Changes in pH, Increased Temperature, Exposure to UV light/radiation (dissociation of H bonds), Protonation amino acid residues, High salt concentrations are the main factors that cause a protein to denature.
Which of the following is a 39 residue hormone of the anterior pituitary gland?
ACTH
Adrenocorticotropic hormone (corticotropin; ACTH) is a 39-amino-acid peptide hormone produced by cells of the anterior pituitary gland and carried by the peripheral circulation to its effector organ, the adrenal cortex, where it stimulates the synthesis and secretion of glucocorticoids and, to a more modest extent.
Why would it be useful to determine the molecular weight of a protein?
Protein molecular weight is a key parameter to confirm, as the primary structure is the most foundational level of protein structure. Developing a robust understanding of the unmodified protein molecular weight can assist in initial assessments of the biomolecule’s functionality.
Why is the molecular weight of a protein important?
As the primary structure is the most foundational level of protein structure, protein molecular weight is a key parameter to confirm. Having a robust understanding of the unmodified protein molecular weight can help in initial assessments of the biomolecule’s functionality. This could include: Metabolic regulation.
Why do we use average molecular weight?
The molecular weight of a synthetic polymer does not have a single value, since different chains will have different lengths and different numbers of side branches. There will therefore be a distribution of molecular weights, so it is common to calculate the average molecular weight of the polymer.
Why is weight average molecular weight greater than number average?
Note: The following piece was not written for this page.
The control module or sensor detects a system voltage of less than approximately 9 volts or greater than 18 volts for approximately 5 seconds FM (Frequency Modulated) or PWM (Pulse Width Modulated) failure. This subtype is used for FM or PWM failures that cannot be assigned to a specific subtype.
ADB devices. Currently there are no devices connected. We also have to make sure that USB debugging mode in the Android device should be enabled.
More importantly, the weight average molecular weight is always greater than the weight average molecular weight since larger molecules in a sample weigh more than smaller molecules.
How is the molecular weight of a protein determined?
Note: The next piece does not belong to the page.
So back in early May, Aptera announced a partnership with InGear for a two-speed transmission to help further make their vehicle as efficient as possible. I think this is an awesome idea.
An apparent molecular weight (MW) of a protein can be determined from the migration distance of a protein complexed with a strong cationic detergent sodium dodecyl sulfate (SDS) separated on sodium dodecyl sulfate-polyacrylamide gel electrophoresis (SDS-PAGE).
What is the average weight of an amino acid residue?
AAMC decided that we should know that an amino acid residue has an average weight of 110 Da which is equal to 110 g / mol for reference. IN is a 288-residue protein so it weights about 288 * 110 Da = 31680 Da.
What is the size of a tetramer with 288 amino acids?
The solution says that since the integrase monomer is composed of 288 amino acids, it will have a ~32 kDa, and thus the answer is 128 kDa for the size of a tetramer. How did they get the 32 kDa?? Is there a formula for this kind of question?
What is the molecular weight of an inactive tetramer of in?
There’s a question in the AAMC Section Bank that says that IN (integrase) is a 288-residue protein, and it’s asking what the molecular weight would be of an inactive tetramer of IN. The solution says that since the integrase monomer is composed of 288 amino acids, it will have a ~32 kDa, and thus the answer is 128 kDa for the size of a tetramer.
What makes glycine unique among the twenty amino acids?
3. Glycine is unique among the twenty amino acids because of its lack of chirality at the alpha carbon and its small side chain. This allows glycine to adopt conformations (phi, psi angles) which are inaccessible to the other amino acids.